New figures from California show a stark drop in the number of students applying for new or continuing financial aid under the so-called “California Dream Act.” The legislation allows eligible undocumented individuals who have graduated from a California high school or meet other requirements to apply for state financial aid to help them access higher education.
The drop in applications was steep enough to concern the California Department of Education and California Student Aid Commission (CSAC), which have issued a joint letter urging school officials to encourage eligible students to apply before the March 2 deadline.
The letter acknowledges that undocumented individuals may be confused by recent events regarding immigration at the federal level, and emphasizes that the California Dream Act is state legislation and entirely separate from the federal Deferred Action for Childhood Arrivals (DACA) program.
The letter also addresses fears that students may have about their safety of their own or their family’s personally identifying information. It details the privacy protections in place in California, stating that “[t]he information provided via the California Dream Act Application is used solely to determine eligibility for state financial aid and is not shared with any other governmental agency,” and emphasizing that “students need to be reassured that the CSAC will take all available legal precautions to protect this information.”
The drop in applications is even more striking considering that the [California Student Aid Commission] recently made changes to give students more time to apply. Last year, students only had from January through March 2 to submit requests for college aid. During that period, 13,200 students filed for first-time Dream Act grants, and 20,962 asked to renew their funding.
This year, officials opened up applications for Dream Act and other scholarships in October. But as of Feb. 17, only 8,668 students had applied for new grants, and 11,429 had applied for renewals.

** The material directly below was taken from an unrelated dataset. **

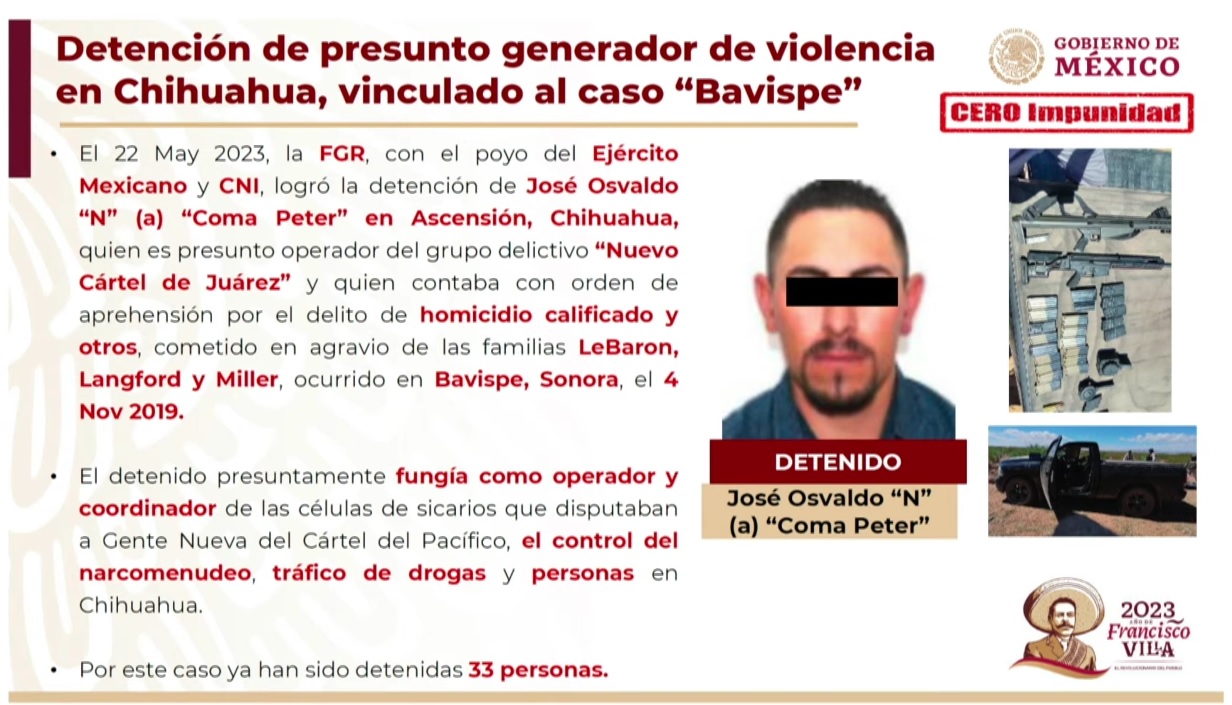 Con el arresto de ‘Coma Peter’, van 33 detenciones ligadas el caso LeBaron, informa la SSPC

California is one of a number of states that have passed such “state-level Dream Acts,” also referred to as “tuition equity” legislation. These laws do not allow an undocumented person to change his or her immigration status. Rather, they allow undocumented youth who have graduated from high school in a specific state to be eligible for in-state tuition rates at that state’s colleges and universities. (In states without such policies, undocumented students typically pay more expensive out-of-state or international student rates.)
In some cases, these state tuition equity policies also allow undocumented youth to receive state-funded financial aid. Such financial aid plays an important role in equipping young students to pursue their educational ambitions, because undocumented youth are not eligible for federal financial aid.
The National Immigration Law Center tracks the current status of tuition equity legislation and access to student financial aid across different states.